Antes de tudo, é preciso reconhecer que a paz não virá apenas pelas armas. É necessário um diálogo nacional sincero que envolva comunidades locais, líderes religiosos, sociedade civil e Estado. A guerra é apenas a superfície de um problema muito mais profundo: a falta de justiça social e de inclusão económica.
Além disso, é fundamental reformar o sector de defesa e segurança, garantindo salários dignos, formação adequada e respeito pelos direitos humanos. O combate ao terrorismo não pode ser usado como pretexto para violações. As populações precisam de sentir que as forças armadas estão do seu lado, e não contra elas.

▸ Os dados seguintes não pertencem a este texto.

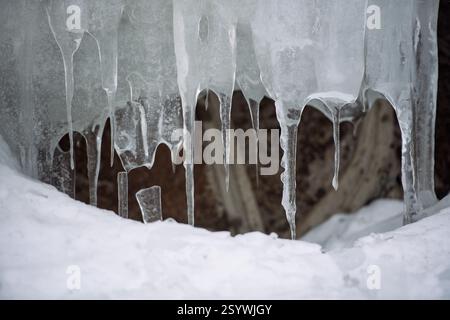 A detailed close-up of icicles hanging from a frozen surface, showcasing intricate ice formations and the beauty of winter nature. Stock Photo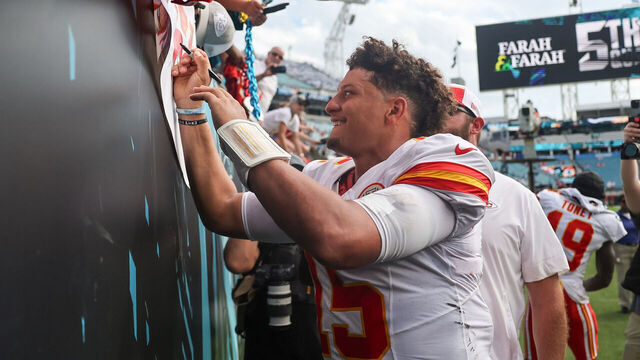 JACKSONVILLE, FLORIDA - SEPTEMBER 17: Patrick Mahomes #15 of the Kansas City Chiefs signs autographs on his way off the field after the game against the Jacksonville Jaguars at EverBank Field on September 17, 2023 in Jacksonville, Florida.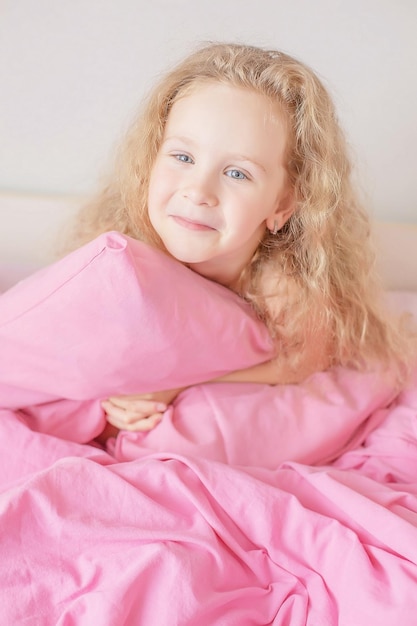 cute girl with blue eyes and curly hair hugs a pink pillow house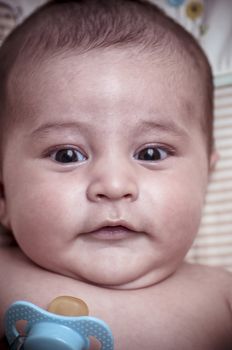 Pacifier, new born baby curled up sleeping on a blanket, multiple expressions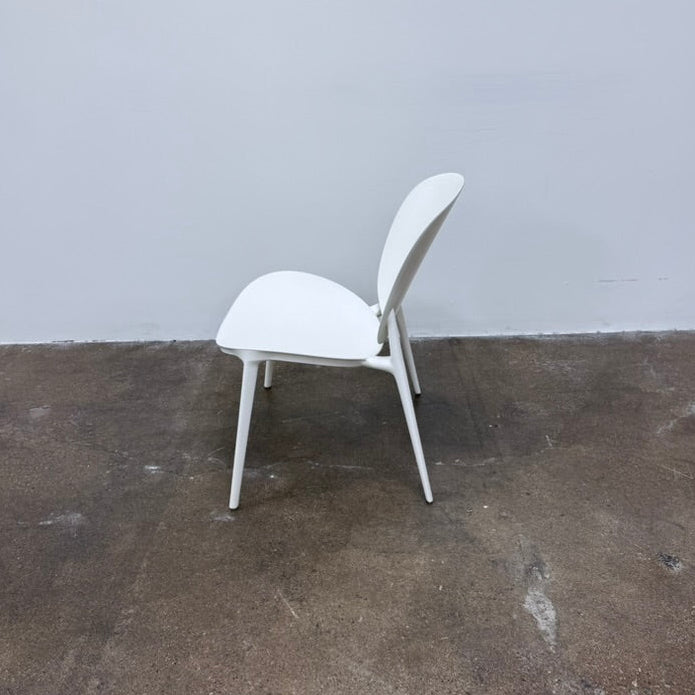 A white Kartell Be Bop lounge chair with a rounded backrest, tapered legs, and a weatherproof design for indoor or outdoor seating.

Para encerrar, há alguma mensagem que gostaria de deixar aos moçambicanos e à comunidade internacional?
Gostaria de apelar para que olhemos para Cabo Delgado não apenas como uma província em guerra, mas como parte viva de Moçambique. Cada deslocado representa uma história, uma esperança e uma perda. Não podemos permitir que o silêncio continue a ser cúmplice da dor. É preciso falar, mostrar e agir.
A comunidade internacional deve compreender que o apoio humanitário é urgente, mas que a solução real passa por fortalecer as instituições moçambicanas e exigir transparência na gestão dos recursos naturais. Cabo Delgado é o espelho do país: se ali houver paz e justiça, Moçambique inteiro poderá reencontrar o seu caminho.